Nominee Faces More Scrutiny Hours Ahead of Committee Vote
Justin Walker loaned two of his former students a large sum of money, raising ethics concerns
Hours ahead of a committee vote that will determine if his nomination to the D.C. Circuit moves forward, Justin Walker is facing scrutiny over a bizarre line on his financial disclosure report indicating he loaned two former law students between $50,001 and $100,000.

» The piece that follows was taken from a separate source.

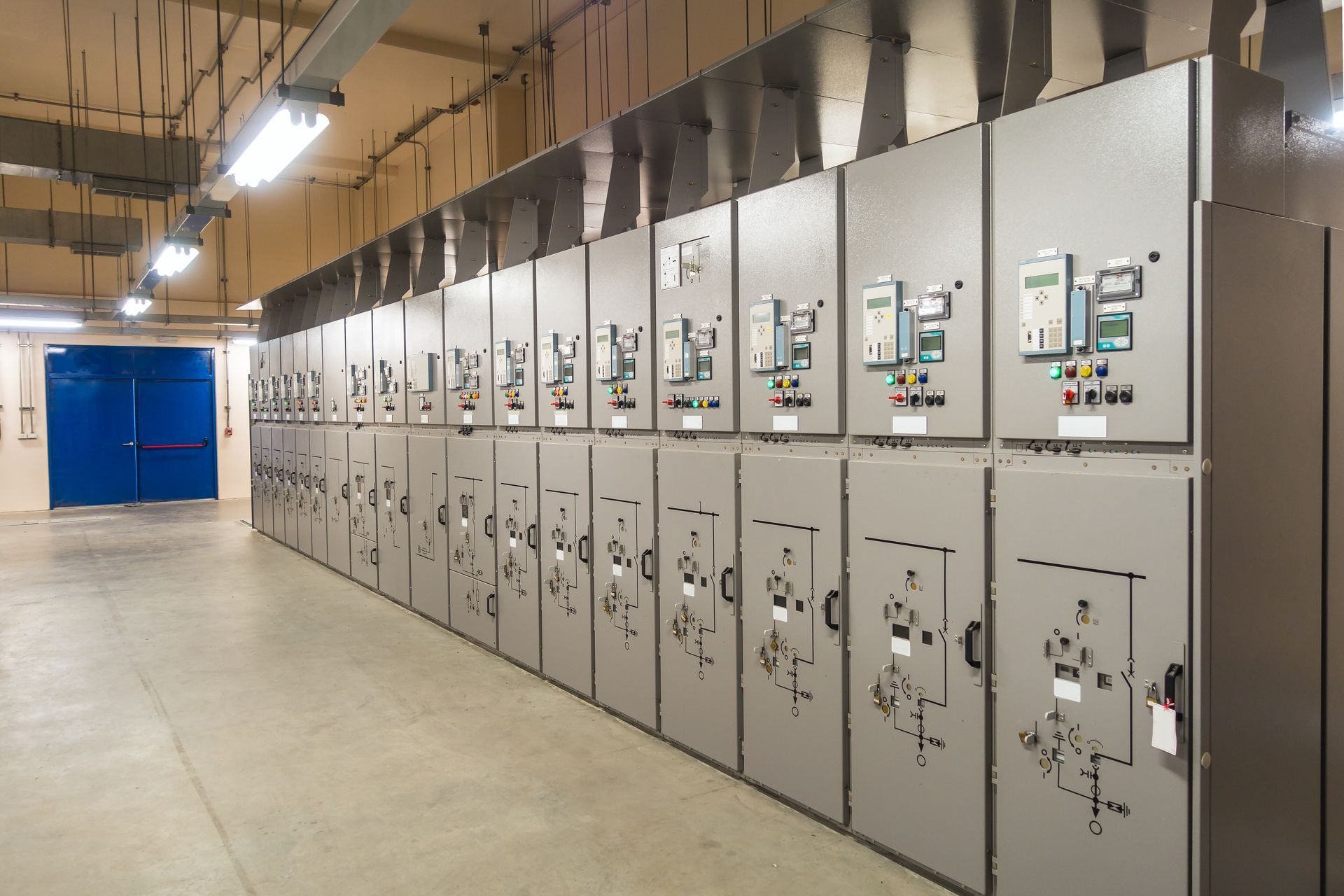 Row of gray electrical panels in an industrial setting, with overhead lighting and a blue door.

A source close to the University of Louisville tells FTC that one of the loan recipients, 2018 Brandeis Law School graduate Jake Grey, took over many of Walker’s teaching duties in the run-up to his 2019 confirmation as a U.S. District Court judge “by doing the heavy lifting of grading and conferencing with students,” though it’s doubtful Grey was formally hired, and Walker, according to the disclosure, still earned his full taxpayer-funded salary of $97,139.28 that year.

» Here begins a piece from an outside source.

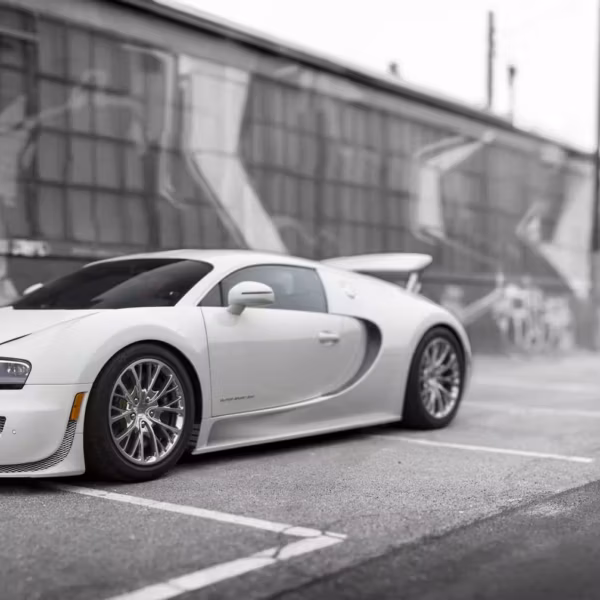 Белый спорткар Bugatti стоит на асфальте у стены в городской среде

Students enrolled in Walker’s class were upset by the disruptions caused by his absences, the source tells us.
The other loan recipient, Grey’s wife and fellow 2018 Brandeis Law grad Leah Spears, is currently Walker’s law clerk in W.D. Kentucky.
Walker stated on his report, which spans Jan. 1, 2019, to Apr. 15, 2020, that he earned between $5,000 and $15,000 on the loan during that time, translating to an interest rate as low as 3.8% or as high as 23.2%. FTC emailed Walker for an explanation, and a DOJ spokesman responded Tuesday that the rate was 4.25% and the loan had been repaid in full, but he did not indicate the exact disbursement and repayment dates. FTC followed up on that this morning.
FTC also received word yesterday from the dean of Brandeis Law, Colin Crawford, that our initial post from Monday was the first he had heard of this episode, adding, “I do not know the terms of the loan agreement, or why the loans were extended.”
The existence of the loan during the time in which Walker had certain relationships with the recipients raises ethical concerns. With respect to Grey, he was not just a former student in 2019, as a source tells FTC that he was essentially a Brandeis Law employee who was either underpaid as an adjunct or not paid, save for the loan.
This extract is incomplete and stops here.